= Joel Horwood =

British playwright

Joel Horwood is a British playwright. He has been a member of the Royal Court/BBC 50 scheme and has also been on attachment at Hampstead Theatre.

His plays include I Caught Crabs in Walberswick, Mikey the Pikey, Food, and I Heart Peterborough, all of which have been presented on the Edinburgh Fringe. Is Everyone OK? toured England and played in Croatia in October 2010. He was one of the four writers who adapted Radiohead's OK Computer for BBC Radio 4. His adaptation of The Count of Monte Cristo played at West Yorkshire Playhouse in May 2010. Horwood also took part in the Old Vic New Voices 24 Hour Plays in 2006 and the celebrity version of the same event in 2009.

His play All The Little Things We Crushed was produced in 2009 at the Almeida Theatre in London directed by Simon Godwin.

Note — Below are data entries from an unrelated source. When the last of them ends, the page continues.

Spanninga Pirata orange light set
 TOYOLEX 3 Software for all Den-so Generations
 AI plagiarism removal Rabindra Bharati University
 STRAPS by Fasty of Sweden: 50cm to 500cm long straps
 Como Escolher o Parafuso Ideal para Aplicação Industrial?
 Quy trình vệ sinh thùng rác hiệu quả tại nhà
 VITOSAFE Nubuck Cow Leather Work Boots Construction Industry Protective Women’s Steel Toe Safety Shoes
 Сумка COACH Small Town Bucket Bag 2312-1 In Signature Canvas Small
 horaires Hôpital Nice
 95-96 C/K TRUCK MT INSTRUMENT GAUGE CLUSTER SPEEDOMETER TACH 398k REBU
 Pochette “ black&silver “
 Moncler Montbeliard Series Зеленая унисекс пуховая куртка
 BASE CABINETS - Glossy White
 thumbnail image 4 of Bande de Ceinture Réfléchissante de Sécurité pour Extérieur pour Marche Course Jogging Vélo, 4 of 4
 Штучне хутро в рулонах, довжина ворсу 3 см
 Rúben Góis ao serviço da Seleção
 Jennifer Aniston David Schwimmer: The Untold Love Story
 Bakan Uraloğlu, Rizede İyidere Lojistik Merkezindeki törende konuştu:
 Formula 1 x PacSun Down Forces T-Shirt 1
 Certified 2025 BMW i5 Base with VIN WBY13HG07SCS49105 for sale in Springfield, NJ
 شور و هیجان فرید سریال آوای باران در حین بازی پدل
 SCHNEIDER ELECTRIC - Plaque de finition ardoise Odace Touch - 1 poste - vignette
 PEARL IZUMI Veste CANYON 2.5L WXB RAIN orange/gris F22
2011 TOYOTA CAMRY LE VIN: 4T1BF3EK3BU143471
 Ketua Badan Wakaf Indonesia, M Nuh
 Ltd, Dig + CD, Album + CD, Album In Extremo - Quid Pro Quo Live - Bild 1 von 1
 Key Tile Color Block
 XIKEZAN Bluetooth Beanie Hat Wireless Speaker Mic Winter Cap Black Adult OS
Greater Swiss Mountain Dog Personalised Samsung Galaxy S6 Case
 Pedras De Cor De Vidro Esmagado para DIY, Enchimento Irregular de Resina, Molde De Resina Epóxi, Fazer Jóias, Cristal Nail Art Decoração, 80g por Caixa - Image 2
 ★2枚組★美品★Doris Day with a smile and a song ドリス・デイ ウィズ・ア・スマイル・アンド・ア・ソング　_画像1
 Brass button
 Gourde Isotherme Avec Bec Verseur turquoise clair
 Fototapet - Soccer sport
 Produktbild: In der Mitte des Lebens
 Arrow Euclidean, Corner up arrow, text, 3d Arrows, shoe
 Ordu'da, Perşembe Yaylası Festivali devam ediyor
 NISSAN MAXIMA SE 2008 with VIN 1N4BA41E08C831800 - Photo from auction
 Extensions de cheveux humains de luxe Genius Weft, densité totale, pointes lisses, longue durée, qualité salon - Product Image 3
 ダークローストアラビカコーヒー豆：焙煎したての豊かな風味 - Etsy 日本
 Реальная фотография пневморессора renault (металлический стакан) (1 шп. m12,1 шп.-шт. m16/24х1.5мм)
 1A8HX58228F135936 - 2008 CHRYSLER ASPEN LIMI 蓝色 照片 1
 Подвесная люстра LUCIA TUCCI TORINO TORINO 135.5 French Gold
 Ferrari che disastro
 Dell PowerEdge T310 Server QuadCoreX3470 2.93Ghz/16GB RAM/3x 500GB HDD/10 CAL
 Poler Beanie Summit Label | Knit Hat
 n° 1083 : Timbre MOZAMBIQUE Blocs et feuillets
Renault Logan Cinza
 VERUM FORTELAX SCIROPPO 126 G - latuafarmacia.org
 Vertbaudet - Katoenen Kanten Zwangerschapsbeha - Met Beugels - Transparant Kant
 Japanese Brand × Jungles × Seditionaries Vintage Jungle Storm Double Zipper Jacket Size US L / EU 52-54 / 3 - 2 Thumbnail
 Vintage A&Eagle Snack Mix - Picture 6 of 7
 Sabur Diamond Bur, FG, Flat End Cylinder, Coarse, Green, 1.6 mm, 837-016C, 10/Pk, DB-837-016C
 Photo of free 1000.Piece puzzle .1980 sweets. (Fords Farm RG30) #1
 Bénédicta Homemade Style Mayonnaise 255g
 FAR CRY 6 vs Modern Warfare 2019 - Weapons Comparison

The cast included; Zawe Ashton, Richard Bremmer, Louise Ford, Andrew Hawley, Martina Laird and David Oakes.

Following his work writing for 'Skins', Horwood was commissioned to work on an original series idea for Channel 4.

He wrote the stage adaptation of The Ocean at the End of the Lane based on the novel by Neil Gaiman for the National Theatre, London which opened in December 2019.